WORK ITEM: Copy out the data below as written; omit any images.

SOURCE MATERIAL:
-------------------------

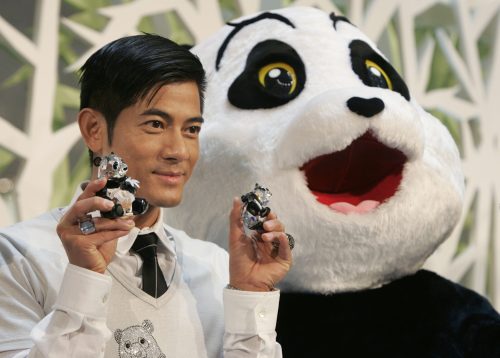 Sources: here and here Handsome Asian Aaron Kwok is a Hong Kong singer, dancer and actor who likes p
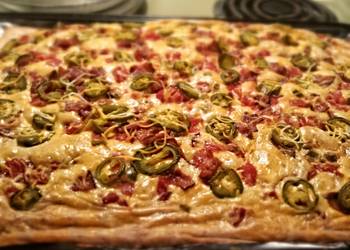 How To Making Recipe Jalapeo Popper Pizza Delicious Simple How To Making Recipe Jalapeo Popper Pizza Delicious Simple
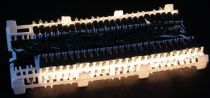 Tradiční žárovkové Vánoční osvětlení 50 žároviček teple bílá
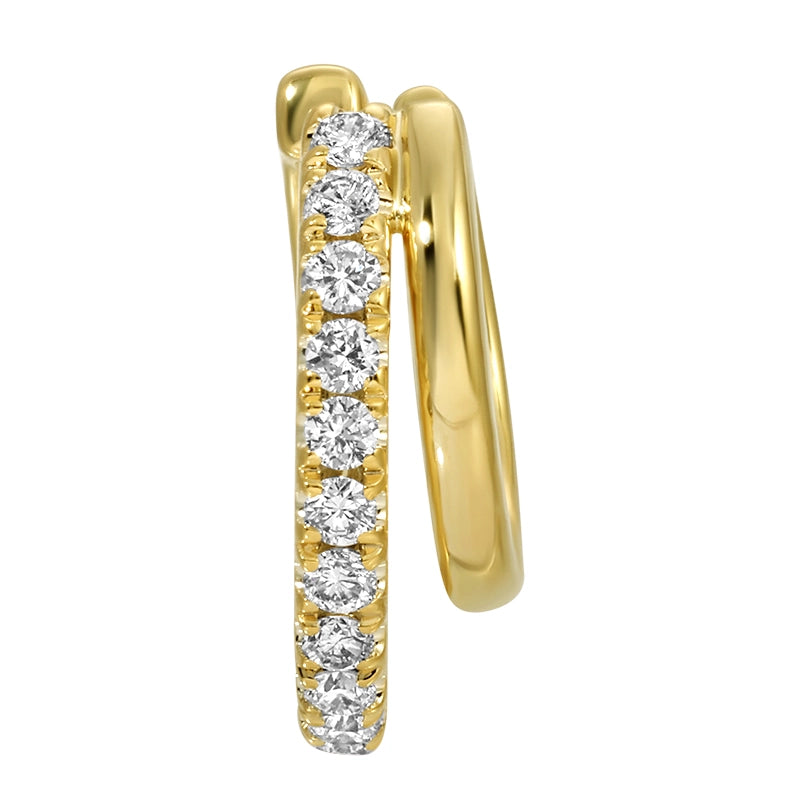 Earrings Earrings in Yellow Gold containing Diamond 445156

-------------------------

TASK ANSWER:
 Sources: here and here Handsome Asian Aaron Kwok is a Hong Kong singer, dancer and actor who likes p
 How To Making Recipe Jalapeo Popper Pizza Delicious Simple How To Making Recipe Jalapeo Popper Pizza Delicious Simple
 Tradiční žárovkové Vánoční osvětlení 50 žároviček teple bílá
 Earrings Earrings in Yellow Gold containing Diamond 445156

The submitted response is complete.